Alors, merci à l'UDC de vouloir réinventer la roue ! Merci à l'UDC de vouloir proposer des projets que des gens ont proposés avant eux ! Merci beaucoup pour cette contribution très adéquate au débat politique ! Cela étant, soyons sérieux, Mesdames et Messieurs les députés: la prochaine procédure civile fédérale entrera en vigueur bientôt, il convient par conséquent de refuser cette motion avec clarté et énergie.

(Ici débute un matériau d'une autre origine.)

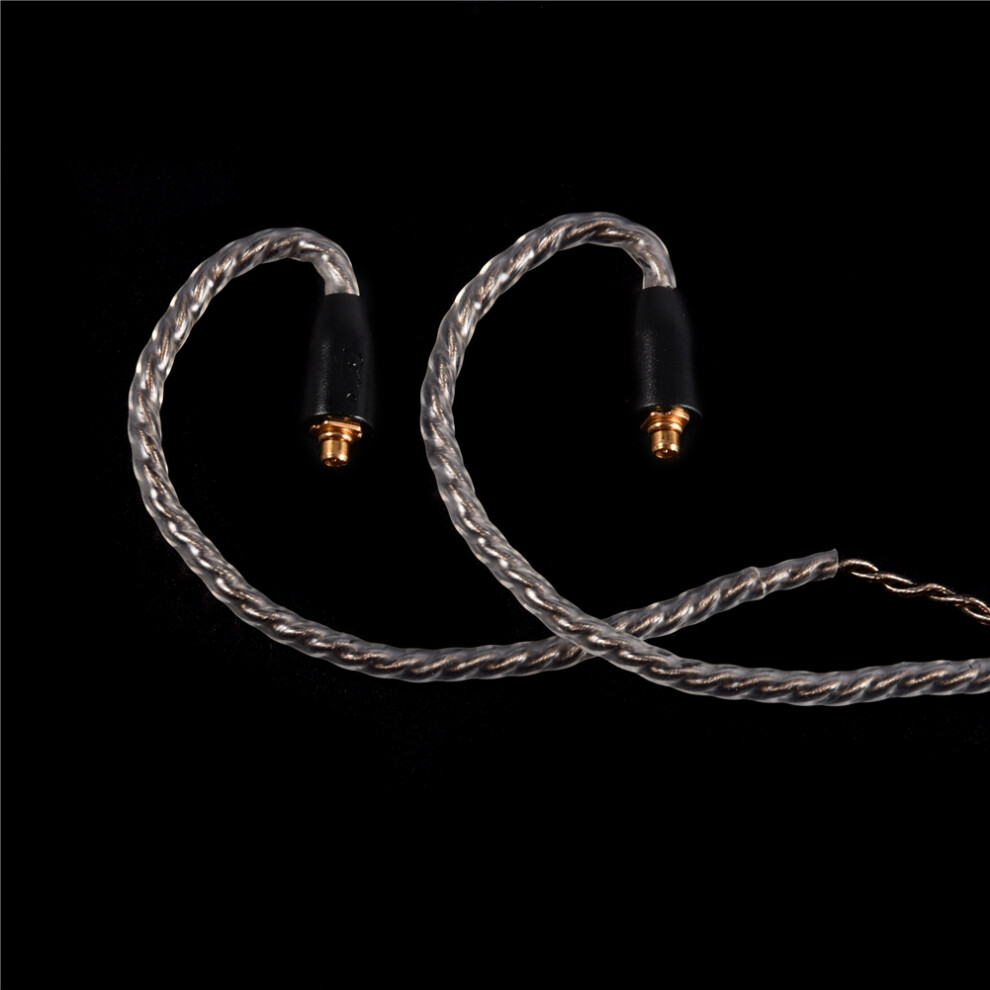 1.2M Mmcx Pure Copper Cable For Shure Se Silver 7340572821188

M. Laurent Moutinot, conseiller d'Etat. J'aimerais tout d'abord rendre hommage à M. le député Damien Sidler, qui est le seul non-avocat à s'être risqué dans cette matière délicate. La motion qui vous est proposée va à l'inverse de ce qui est souhaitable, sur un point, parce que vous avez à maintes reprises - et à juste titre - insisté sur la nécessité de trouver des mécanismes de médiation, de conciliation et d'apaisement des conflits extrajudiciaires. Dès lors, supprimer la conciliation est exactement l'inverse de ce qu'il faut faire. Il conviendrait, au contraire, de la renforcer pour lui permettre d'atteindre le degré de réussite qu'elle a lorsqu'elle bien organisée, comme c'est le cas devant le Tribunal des baux et loyers ou devant le Tribunal des Prud'hommes. Toutefois, et plusieurs d'entre vous l'ont relevé, les projets de procédure civile fédérale unifiée sont tels qu'il n'est pas très raisonnable qu'à quelques années de cet avènement-là nous refassions notre système genevois.

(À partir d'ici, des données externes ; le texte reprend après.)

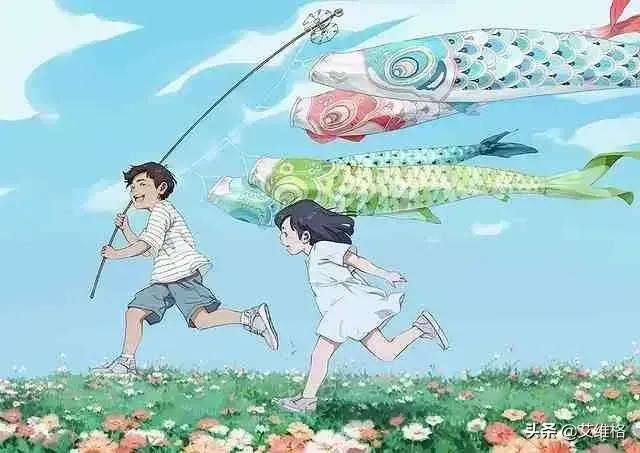 天空中移动的羽毛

En ce qui concerne l'audience d'introduction, qui est un problème totalement différent, il est vrai qu'aujourd'hui, Monsieur le député Wasmer, ce n'est pas très satisfaisant. On pourrait se demander si, sans se lancer dans des travaux parlementaires compliqués, on ne pourrait pas trouver une solution qui permette, dans un certain nombre de cas, d'éviter cette audience d'introduction. Cela ne nécessiterait pas forcément des travaux très importants et ça n'est pas en contradiction avec le fait que nous attendons la procédure civile unifiée. Je suggère que nous en rediscutions. Pour des motifs d'économie de procédure parlementaire et d'économie de moyens, je crois qu'aujourd'hui cette motion doit être rejetée et que l'on reprenne de manière adéquate la question de l'audience d'introduction.
Mise aux voix, la proposition de motion 1670 est rejetée par 61 non contre 9 oui et 2 abstentions.